Maybe it’s more of a writing issue — more background about Kinley the man and the soldier would’ve gone a long way instead of just having him be the stubborn Sergeant. Instead, you are left with a bare-bones family connection and the constant affirmation that he’s a no-nonsense badass with very little to prove it.

Salim, on the other hand, plays his role perfectly. Early on, the viewer has to learn to trust him just as Kinley does. It’s not that he seems shady, per se, but the sureness in his instincts (that often end up being right) makes you question whether he knows more than he lets on. They make for a good pairing, but Salim gets a large portion of the film to himself once he’s transporting Kinley. That’s a big swing to take with a relatively unknown actor, but it pays off.

Jake Gyllenhaal, Dar Salim, The Covenant
A still from The Covenant courtesy of MGM.

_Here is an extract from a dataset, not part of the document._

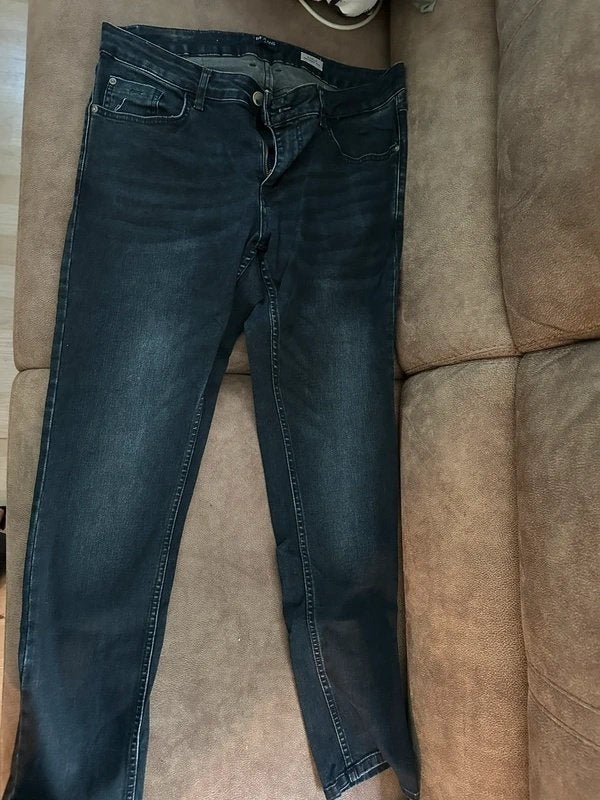 Stijlvolle DeFacto Skinny Fit Jeans - W31 donkerblauw, Blauw, DeFacto, W32 (confectie 46) of kleiner, Ophalen of Verzenden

At the end of the day, you do have to give credit to Ritchie for going with a drastically different tone than his other work. When you think of him, you likely think of fast-talking crime films like Snatch, but never has he done a war film. And this venture into a new genre is far and away better than his attempts at spy films (his adaptation of The Man from U.N.C.L.E. was passable at best) or epic fantasy (King Arthur: Legend of the Sword) because he’s not afraid to make a somber and dramatically effective film and resisted any urge that he could have had to make this feel like a Guy Ritchie film. (There’s some humor, but it’s mostly the soldiers riffing on each other and some sarcastic one-liners here and there.)

Should you watch The Covenant? 

Look, if you’re a fan of Guy Ritchie's work, you’ll be relieved that The Covenant is his best film since The Gentlemen — though Wrath of Man being your bar to clear doesn’t say a whole lot. Led by a great performance from Dar Salim, it’s an effective thriller when the mission is in full swing, but it's a surface-level story with a middling second act that does weigh it down. You’ll be begging Jake Gyllenhaal to begin his mission after a few short minutes.

Grade: C+

Guy Ritchie’s The Covenant will be released on April 21.